TASK GOAL:
With the pictures omitted, set down exactly the lines from the one that contains "Same Look 4" through the last line of the data.
──────── INPUT
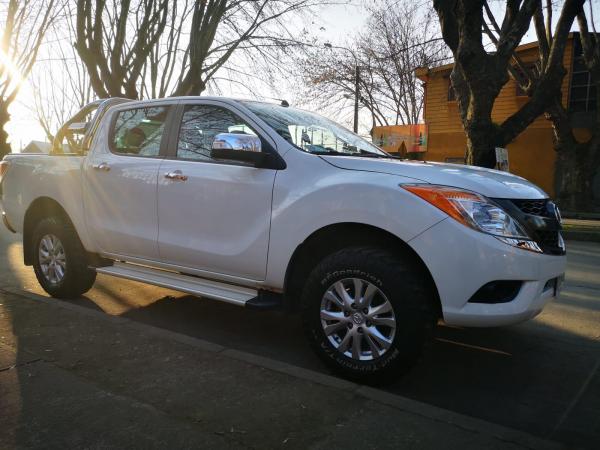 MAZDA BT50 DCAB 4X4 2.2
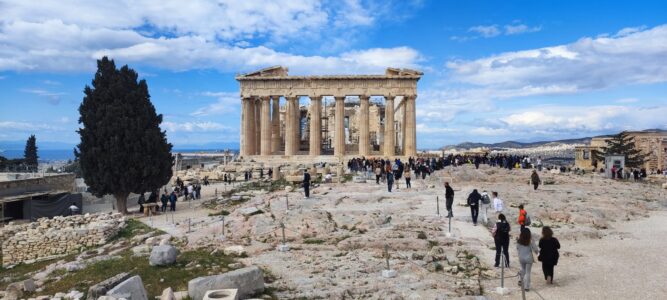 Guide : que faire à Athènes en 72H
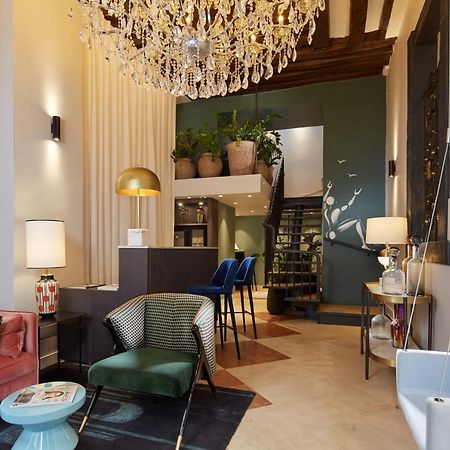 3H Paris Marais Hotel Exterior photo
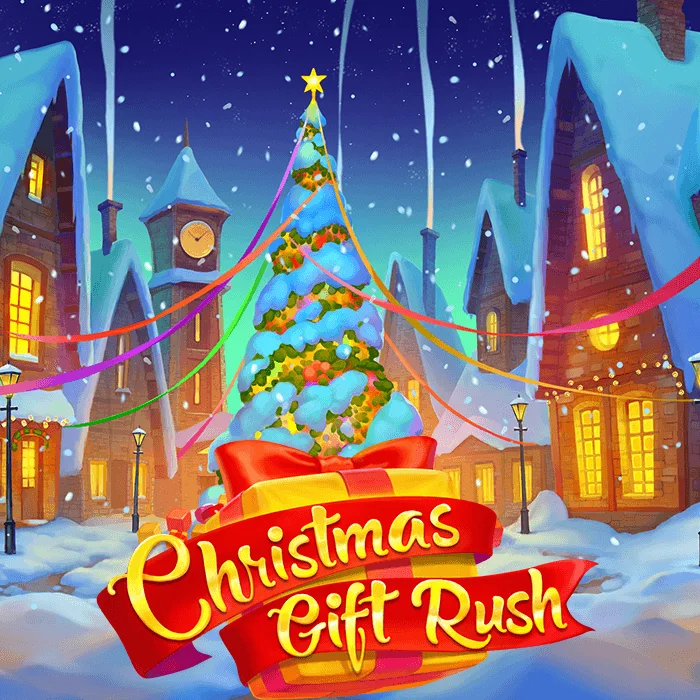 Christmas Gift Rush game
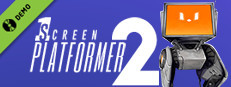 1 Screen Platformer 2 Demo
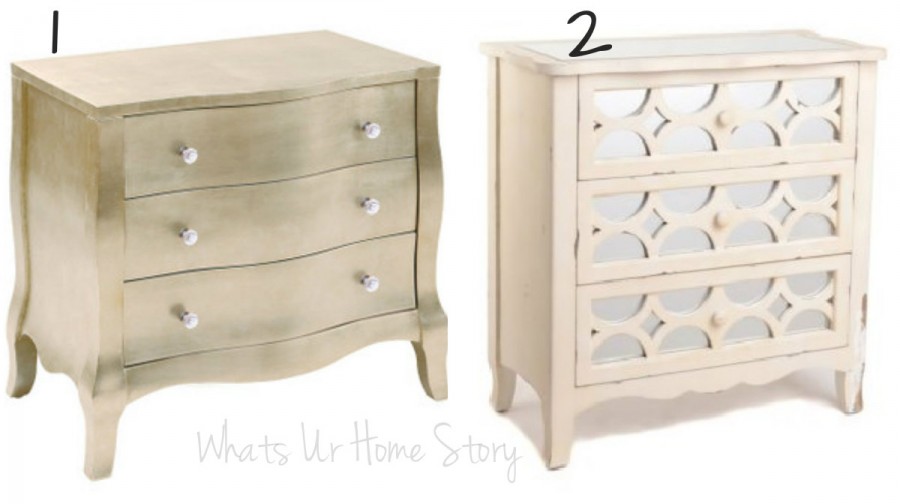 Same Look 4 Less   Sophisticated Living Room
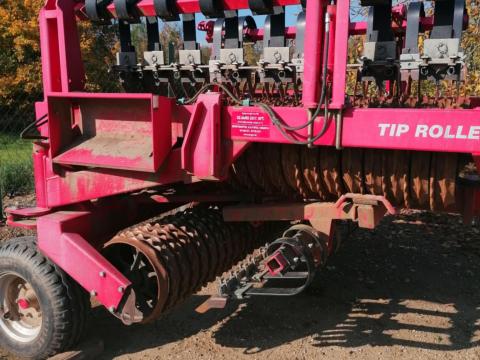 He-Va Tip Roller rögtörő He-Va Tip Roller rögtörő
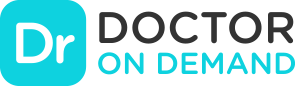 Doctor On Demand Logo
────────────────
RESPONSE TO THIS TASK:
 Same Look 4 Less   Sophisticated Living Room
 He-Va Tip Roller rögtörő He-Va Tip Roller rögtörő
 Doctor On Demand Logo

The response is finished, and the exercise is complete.